DE: Dissolution of a GbR: When does company debt become statute-barred?

Benn-Ibler Rechtsanwälte

civil law  company debt  dissolution  germany  liability  partnership under civil law  All tags

The claim for repayment of an unused advance on any lawyer's fees comes into existence subject to the condition precedent of receipt of the advance payment. In the event of the dissolution of the partnership under civil law (Gesellschaft bürgerlichen Rechts, GbR), the liability in the form of the repayment claim passes to the respective partners. In this regard, the German Federal Supreme Court (Bundesgerichtshof, BGH) further ruled that liability obligations of the shareholder of a dissolved company become statute-barred after five years even if the company debt is subject to a shorter statute of limitations.

In 2016, insolvency proceedings were opened against the client of what was then a lawyer’s GbR. The lawyer in charge then informed the client's legal expenses insurance company of the opening of the insolvency proceedings and the dissolution of the lawyers' GbR. The court proceedings, for which the legal expenses insurance paid an advance, were also discontinued. The client's legal expenses insurance now demands the return of the advance payment from the partners of the already dissolved law GbR. However, they refused to pay. Thereupon, in 2019, the legal expenses insurance obtained default summonses against the partners. The insurance company did not continue the proceedings until 2020. The former partners then raised a plea of statute of limitations.

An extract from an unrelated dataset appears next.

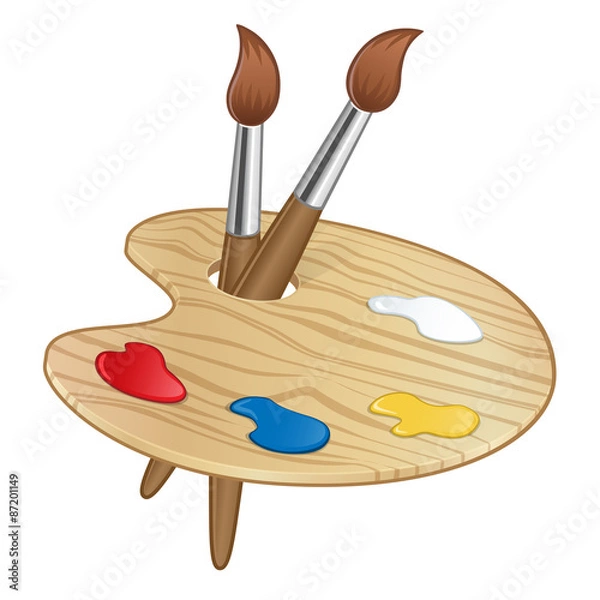 Obraz Paleta de pintura con pinceles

According to the BGH, the claim for repayment of unused fee advances arises as soon as the advance payment is made and under the condition precedent that the claim for remuneration actually arises. In this case, the condition precedent for the repayment claim came into effect with the opening of the insolvency proceedings and the associated termination of the lawyer's contract.

In this case, the defendant, as a shareholder of the GbR, was also liable for the GbR's debts. The shareholder's debt regularly lapses after three years. However, a five-year special statute of limitations arises from Section 159 of the German Commercial Code (Handelsgesetzbuch, HGB) for the shareholder of a dissolved company. This applies even if the period of limitation for the shareholder's debt is shorter. Accordingly, the defendant cannot invoke a statute of limitations on his liability obligation within the regular limitation period. Only the five-year period was set in motion. This was suspended in good time by the order for payment issued by the plaintiff and again by the later transfer to the disputed proceedings.